## Input for this task
================
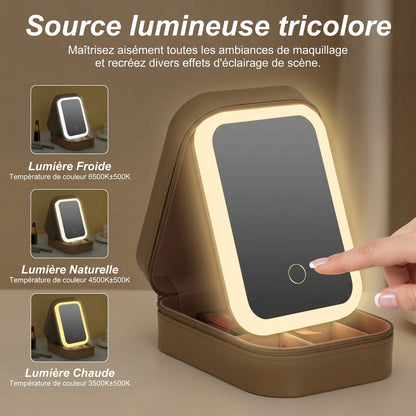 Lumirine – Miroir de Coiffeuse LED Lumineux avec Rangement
================
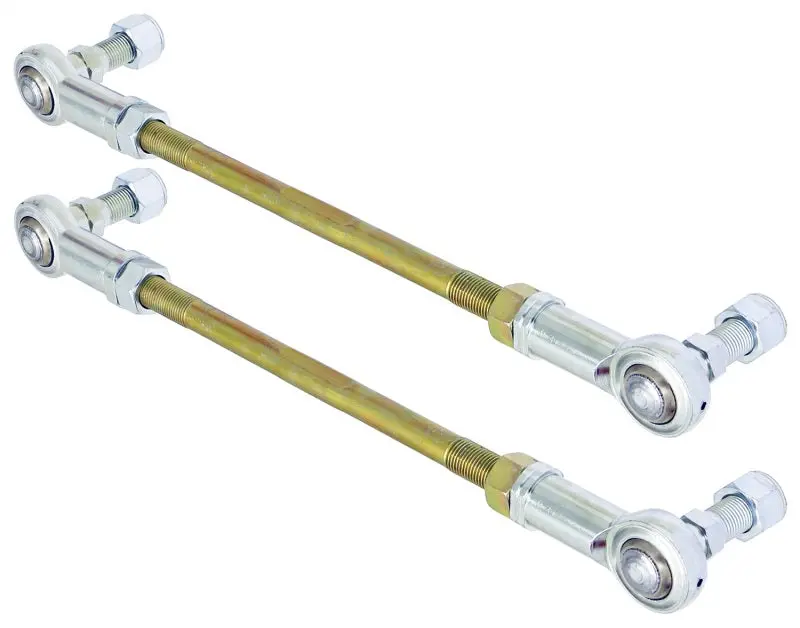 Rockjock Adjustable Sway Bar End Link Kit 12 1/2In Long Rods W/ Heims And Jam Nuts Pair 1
================
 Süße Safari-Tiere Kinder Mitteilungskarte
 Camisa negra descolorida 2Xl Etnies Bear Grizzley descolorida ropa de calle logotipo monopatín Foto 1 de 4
================
## Problem statement
Look above for the line that contains "Süße Safari-Tiere Kinder Mitteilungskarte". Starting there, transcribe every line exactly until you have copied the line that contains "Camisa negra descolorida".

## Response to this exercise
 Süße Safari-Tiere Kinder Mitteilungskarte
 Camisa negra descolorida 2Xl Etnies Bear Grizzley descolorida ropa de calle logotipo monopatín Foto 1 de 4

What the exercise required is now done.